February 15, 2016 (Vol. 36, No. 4)
Making Big Data Work in the Life Sciences Isn’t So Much a Matter of “Upping One’s Game” As It Is a Matter of Raising One’s Expectations
Now more than ever, researchers in the life sciences are generating, accumulating, and storing data. In fact, data troves are reaching exabyte levels, prompting a number of questions. What do we do with all this data? How should we analyze it? How the heck do we make sense of it?
Answering such questions is important not only for furthering research efforts, but also for developing diagnostic and therapeutic products—and for expeditiously moving these products along the precision medicine pathway. Accordingly, GEN presented its biggest big data questions to a panel of experts. In response, the experts provided a set of compelling strategies for handing and analyzing big data more efficiently and effectively.
GEN: It is widely acknowledged that pharmaceutical and life sciences researchers both in academia and industry are being inundated and often overwhelmed with the amounts of data they generate themselves and with informational input from other sources. What do you see as the main obstacles to scientists implementing concrete strategies and plans to successfully handle big data and its analysis?
Dr. Asimenos: Data hoarding is one of the biggest obstacles in realizing the true potential of big data. While stockpiling the results of next-generation sequencing (NGS) may make sense from a business perspective, this practice does a great disservice to the research community at large, where scientific breakthroughs are built upon the research of others via collaboration.
The key to unlocking big data’s potential is making NGS results accessible through a model such as the cloud commons—that is, a central repository for data sets where members of the research community can access and share data, and collaborate on processes and results.
As datasets become larger, they become more difficult to share with collaborators. By having the data in one location, researchers at institutions worldwide can have immediate access and use of large-scale data sets.
Dr. Stadnisky: There is one main obstacle to implementing a big data strategy: time. Successful teams focus on this key limiting reagent. They ask how value can be extracted where time is spent, and how value can be preserved where it is saved.
The first shift occurs before a pipette is picked up. It involves setting a strategy for annotation and controlled vocabulary curation. I interact with an increasing number of scientists who want to ask questions over many years, modalities, and approaches. Supporting investigations of such scope requires an acknowledgement that the metadata and annotation is just as important as the data itself.
The second shift is in designing and implementing an integrated architecture across measurement modalities, finding the time to explore new tools in limited trials.
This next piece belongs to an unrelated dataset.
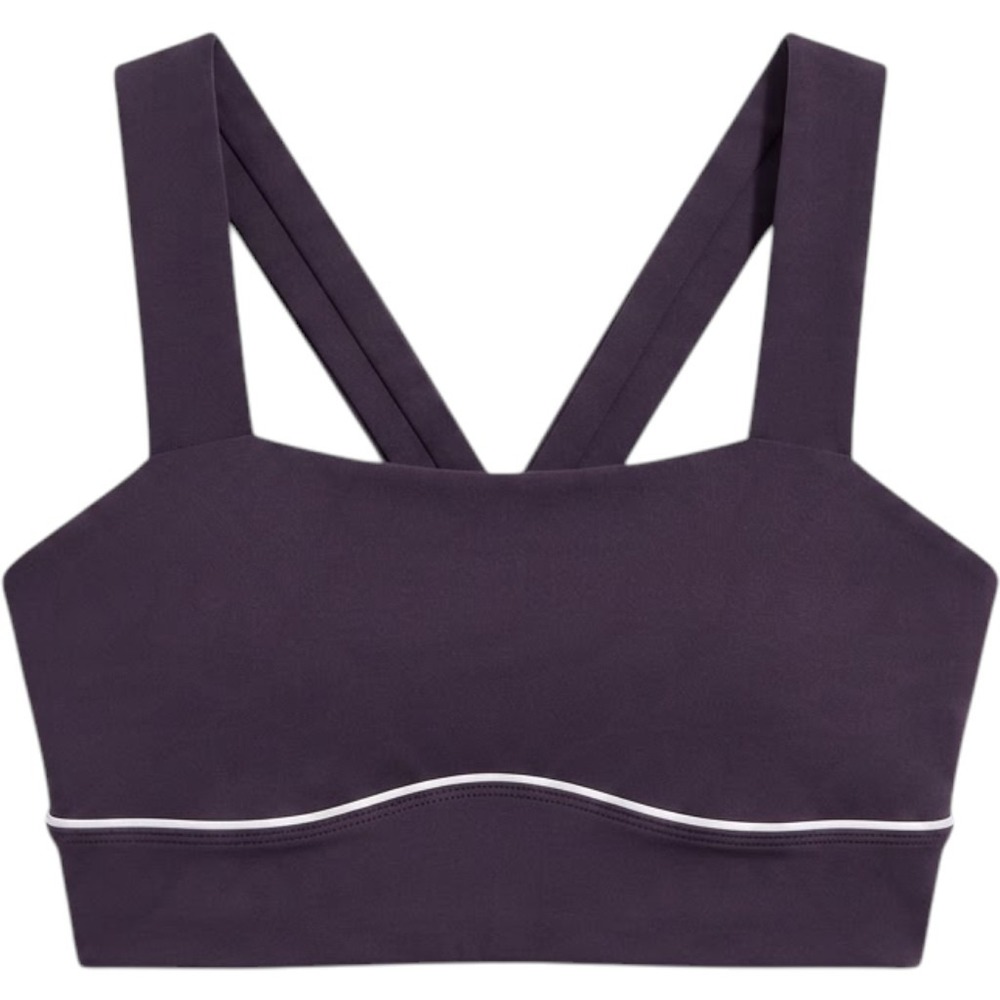 All in Motion Sports Bra Womens XS Black Piping Square Neck Activewear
Mr. Rudy: In short: lack of established community standards and commercial-grade solutions to streamline analysis based on those standards. Bioinformatics algorithms, reference datasets, and “best practice” tools are fast-changing and often driven by researchers. We are just getting around to having the community discussions, such as those in the GA4GH working groups, on representing at a fundamental data level things like variants and their annotations.
The process of aligning and calling variants is embarrassingly parallel and bundled solutions from Illumina and Ion Torrent generally meet the “good enough” threshold. After this point, variant call sets are no longer “big data,” but the complexity of analysis increases exponentially. This is where Golden Helix focuses its efforts in providing commercially supported variant annotation, interpretation, and reporting solutions.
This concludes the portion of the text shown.